The following is a book review by Dr Julie Matthews of Steve Killelea’s ‘Peace in the Age of Chaos: The Best Solution for a Sustainable Future’.

Steve Killelea’s book is somewhat like his life – courageous and uncompromising.


Killelea regards himself to be lucky rather than special. Lucky because he was born into a prosperous and peaceful country, and lucky because these conditions allowed him to flourish and become a successful businessman and entrepreneur. But what is special about Killelea is his desire to make a difference and the depth of his compassion and sincerity. He is well aware that hard work, vision and opportunity in one location can be productive, while in another, it is simply a necessity for survival.

The first-person narrative of this book is disarmingly frank.  Personal encounters bring stark clarity to the tragic lives of those who suffer the effects of war and violence.

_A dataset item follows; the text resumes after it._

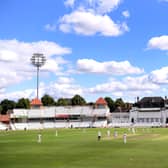 Trent Bridge Cricket Ground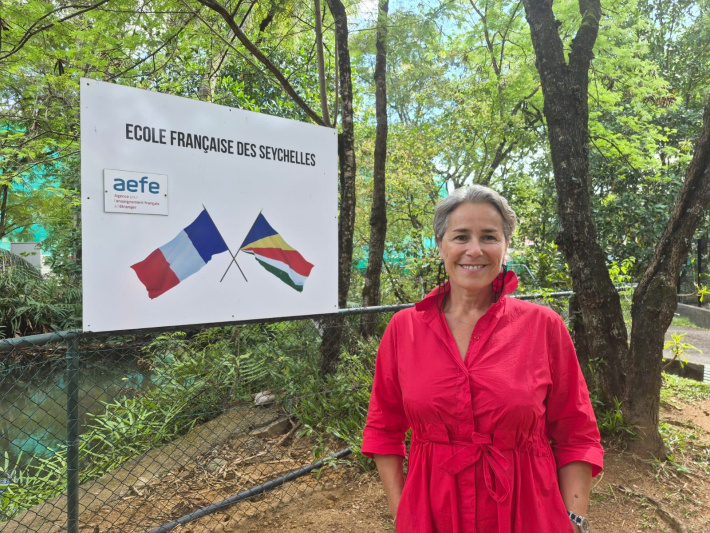 École française des Seychelles :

Absorbing accounts link Tolstoy to Ghandi, to Buddhist precepts on peace, and Killelea’ visits to various Peace Centers around the world. Unpalatable details about current global conditions are connected to Killelea’s personal insights and his efforts to put them into practice. Indeed, the Global Peace Index and the Institute for Economics and Peace, established in 2008 mark a remarkable achievement – namely to identify what creates peace by distinguishing and measuring the factors and policies that make countries peaceful.

Killelea reminds us that we tend to study the causes of war and how to resolve conflict rather than to study peace, happiness and sustainable flourishing.  Most studies of peace are based on a notion of ‘negative peace’ and end up as studies of war and conflict. He pointedly notes that trying to understand peace by only studying wars is rather like trying to understand health by only studying illness. To expand the definition of peace beyond its ‘negative’ definition, namely the absence of violence and conflict, we need to include measures of economic and ecological performance, happiness, inclusion, resilience and adaptation to change.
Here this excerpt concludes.